Depending on how long you were off the bike, your fitness will change from before being sick or injured. I’d recommend starting slow so begin with an active recovery workout like easy cycling, walking or light jogging, yoga, or swimming. 

If you haven’t been off the bike for very long, your fitness will return pretty quickly. Alternatively, if it’s been a few weeks or months, you’ll lose a significant amount of fitness and it’ll take longer to gain that fitness back.

Either way, listen to your body. How does your body feel doing an active recovery workout? If it felt great, start incorporating harder sessions. If you have a nagging pain or your cold isn’t healing, you need more time to recover. It’s easy to want to force through pain and discomfort but doing so while injured or sick may cause irreparable harm.

If you’re working with a coach, make sure to communicate with them.

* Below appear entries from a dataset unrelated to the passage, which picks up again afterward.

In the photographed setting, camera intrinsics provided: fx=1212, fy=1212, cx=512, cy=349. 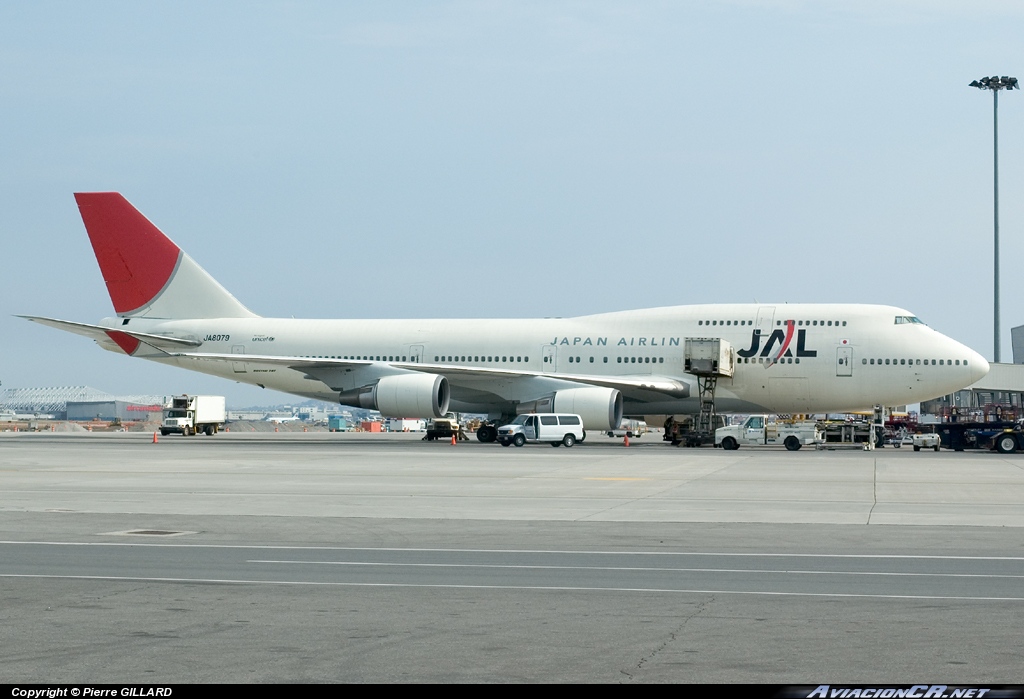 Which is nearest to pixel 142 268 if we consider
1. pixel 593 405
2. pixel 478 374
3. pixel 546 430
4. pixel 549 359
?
pixel 478 374

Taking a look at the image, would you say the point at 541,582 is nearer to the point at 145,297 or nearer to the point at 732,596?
the point at 732,596

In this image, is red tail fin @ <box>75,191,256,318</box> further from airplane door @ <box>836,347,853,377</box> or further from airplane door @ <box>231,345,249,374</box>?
airplane door @ <box>836,347,853,377</box>

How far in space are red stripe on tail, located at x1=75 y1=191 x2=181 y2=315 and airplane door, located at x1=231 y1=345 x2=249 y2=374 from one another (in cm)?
466

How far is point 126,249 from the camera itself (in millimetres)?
54750

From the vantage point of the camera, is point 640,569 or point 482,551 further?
point 482,551

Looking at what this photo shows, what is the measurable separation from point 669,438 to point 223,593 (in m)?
43.0

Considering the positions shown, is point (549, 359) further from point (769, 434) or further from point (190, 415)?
point (190, 415)

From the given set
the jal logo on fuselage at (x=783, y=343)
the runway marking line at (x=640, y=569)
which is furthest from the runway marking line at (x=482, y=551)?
the jal logo on fuselage at (x=783, y=343)

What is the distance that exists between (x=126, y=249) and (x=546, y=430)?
872 inches

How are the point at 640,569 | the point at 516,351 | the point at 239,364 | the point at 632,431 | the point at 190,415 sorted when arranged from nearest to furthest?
the point at 640,569, the point at 516,351, the point at 239,364, the point at 190,415, the point at 632,431

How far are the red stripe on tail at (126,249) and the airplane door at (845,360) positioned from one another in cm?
2956

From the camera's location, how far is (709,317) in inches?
1907

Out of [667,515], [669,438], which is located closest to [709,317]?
[669,438]

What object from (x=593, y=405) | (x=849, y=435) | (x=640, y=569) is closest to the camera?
(x=640, y=569) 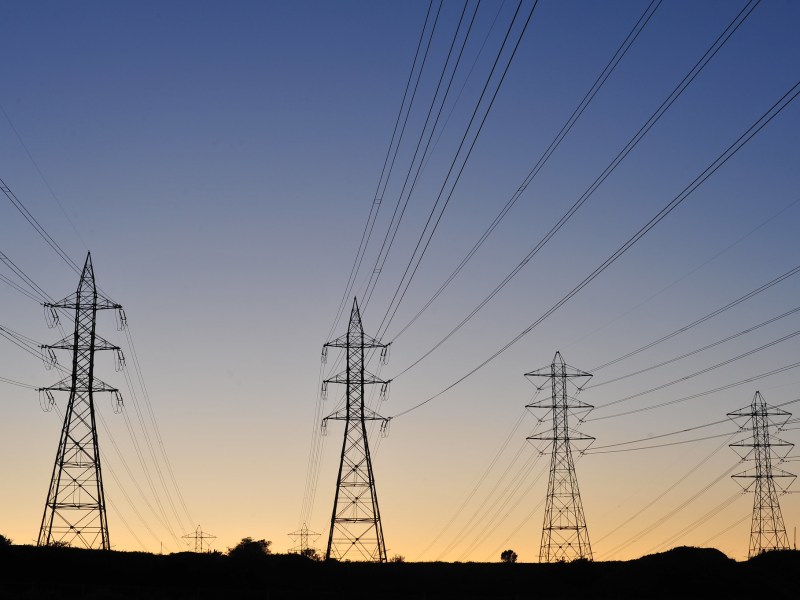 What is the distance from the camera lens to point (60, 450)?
198 feet

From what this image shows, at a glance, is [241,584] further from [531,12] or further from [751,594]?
[531,12]

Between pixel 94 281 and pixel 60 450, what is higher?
pixel 94 281

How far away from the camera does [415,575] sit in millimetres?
64562

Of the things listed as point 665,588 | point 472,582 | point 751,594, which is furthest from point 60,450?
point 751,594

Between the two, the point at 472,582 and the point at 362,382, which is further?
the point at 362,382

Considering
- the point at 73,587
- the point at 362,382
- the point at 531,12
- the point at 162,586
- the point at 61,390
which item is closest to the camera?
the point at 531,12

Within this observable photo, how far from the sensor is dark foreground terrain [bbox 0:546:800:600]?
58.6 meters

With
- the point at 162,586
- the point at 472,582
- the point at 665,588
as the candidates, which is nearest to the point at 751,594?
the point at 665,588

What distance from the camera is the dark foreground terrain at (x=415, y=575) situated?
58625mm

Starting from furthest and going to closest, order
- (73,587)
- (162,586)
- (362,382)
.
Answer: (362,382) → (162,586) → (73,587)

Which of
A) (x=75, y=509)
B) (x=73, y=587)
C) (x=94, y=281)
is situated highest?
(x=94, y=281)

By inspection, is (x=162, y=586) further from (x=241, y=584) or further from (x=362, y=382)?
(x=362, y=382)

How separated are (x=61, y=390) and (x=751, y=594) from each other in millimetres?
40729

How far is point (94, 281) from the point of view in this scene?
219 ft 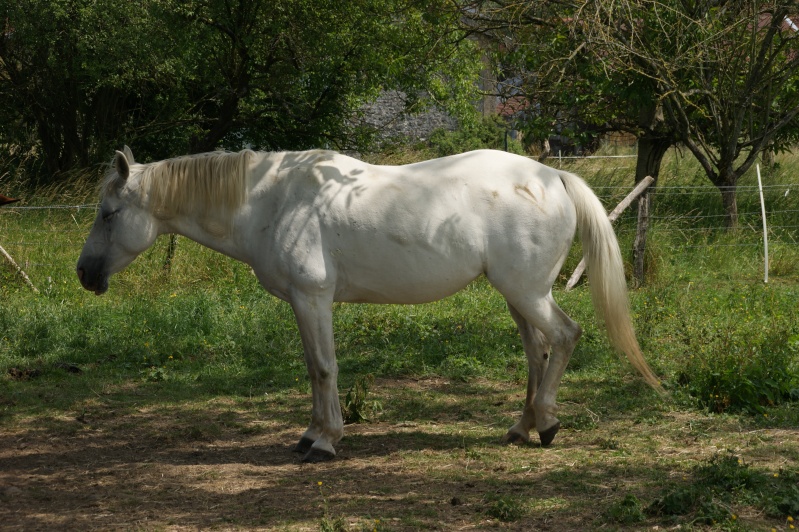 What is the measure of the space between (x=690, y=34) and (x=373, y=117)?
19992 millimetres

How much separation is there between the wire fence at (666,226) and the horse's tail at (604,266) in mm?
5138

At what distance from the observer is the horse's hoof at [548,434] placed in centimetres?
520

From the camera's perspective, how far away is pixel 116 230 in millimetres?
5359

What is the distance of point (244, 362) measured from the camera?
7527 mm

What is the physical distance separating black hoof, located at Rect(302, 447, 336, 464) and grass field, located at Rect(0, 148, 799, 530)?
0.05 metres

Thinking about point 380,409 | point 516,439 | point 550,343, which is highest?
point 550,343

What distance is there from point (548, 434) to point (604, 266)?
1.09 meters

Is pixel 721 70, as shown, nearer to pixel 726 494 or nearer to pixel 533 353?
pixel 533 353

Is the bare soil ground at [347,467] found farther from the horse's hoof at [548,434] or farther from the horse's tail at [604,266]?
the horse's tail at [604,266]

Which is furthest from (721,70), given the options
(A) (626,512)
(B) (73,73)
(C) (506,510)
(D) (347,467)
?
(B) (73,73)

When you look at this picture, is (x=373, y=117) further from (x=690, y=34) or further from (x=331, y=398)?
(x=331, y=398)

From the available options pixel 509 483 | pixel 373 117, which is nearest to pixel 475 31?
pixel 509 483

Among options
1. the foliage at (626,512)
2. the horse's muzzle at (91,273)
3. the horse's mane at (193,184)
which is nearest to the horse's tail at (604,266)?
the foliage at (626,512)

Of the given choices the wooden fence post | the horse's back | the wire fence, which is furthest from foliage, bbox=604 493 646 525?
the wire fence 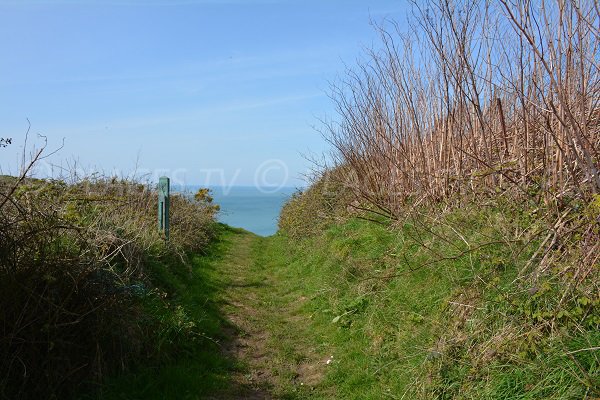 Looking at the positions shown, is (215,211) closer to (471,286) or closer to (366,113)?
(366,113)

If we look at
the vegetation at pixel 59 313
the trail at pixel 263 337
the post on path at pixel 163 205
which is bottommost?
the trail at pixel 263 337

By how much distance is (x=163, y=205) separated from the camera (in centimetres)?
989

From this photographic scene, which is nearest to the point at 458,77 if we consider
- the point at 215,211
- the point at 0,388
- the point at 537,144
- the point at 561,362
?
the point at 537,144

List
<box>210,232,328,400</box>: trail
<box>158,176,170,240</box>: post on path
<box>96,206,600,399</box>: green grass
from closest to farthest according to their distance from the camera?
<box>96,206,600,399</box>: green grass → <box>210,232,328,400</box>: trail → <box>158,176,170,240</box>: post on path

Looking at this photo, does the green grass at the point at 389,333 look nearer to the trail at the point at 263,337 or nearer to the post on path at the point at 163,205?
the trail at the point at 263,337

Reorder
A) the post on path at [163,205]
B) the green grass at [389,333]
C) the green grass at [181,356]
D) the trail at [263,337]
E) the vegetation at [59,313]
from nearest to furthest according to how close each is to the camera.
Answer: the green grass at [389,333] → the vegetation at [59,313] → the green grass at [181,356] → the trail at [263,337] → the post on path at [163,205]

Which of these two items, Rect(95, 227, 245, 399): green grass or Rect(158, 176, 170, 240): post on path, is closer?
Rect(95, 227, 245, 399): green grass

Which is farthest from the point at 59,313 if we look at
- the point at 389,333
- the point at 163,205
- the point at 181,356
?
the point at 163,205

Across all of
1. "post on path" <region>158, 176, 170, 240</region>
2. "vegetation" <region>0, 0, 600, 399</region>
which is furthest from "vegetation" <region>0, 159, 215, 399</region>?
"post on path" <region>158, 176, 170, 240</region>

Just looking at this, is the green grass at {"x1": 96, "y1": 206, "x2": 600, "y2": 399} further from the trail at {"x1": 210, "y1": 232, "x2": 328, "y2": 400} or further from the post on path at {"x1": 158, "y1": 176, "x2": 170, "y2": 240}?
the post on path at {"x1": 158, "y1": 176, "x2": 170, "y2": 240}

They need to know how you’re feeling both on and off the bike in order to assign you proper workouts. 

Final thoughts

  • Rest and recovery will vary between person to person. The biggest takeaway is to listen and trust your body. It will tell you when it needs to rest (elevated heart rate, high level fatigue, negative form, etc) or recover (heavy legs, fatigue from previous day’s session, etc.). 
  • On a rest day, let your body rest. Take an Epsom salt bath, do some stretching, meditate, or Netflix and chill.
  • On a recovery day, stick to Zone 1 or 2 workouts. Dial back the volume in your strength training (50% of your one rep max, lighter weights, less reps/sets, etc.). 
  • Coming back from an injury or illness, start with active recovery workouts.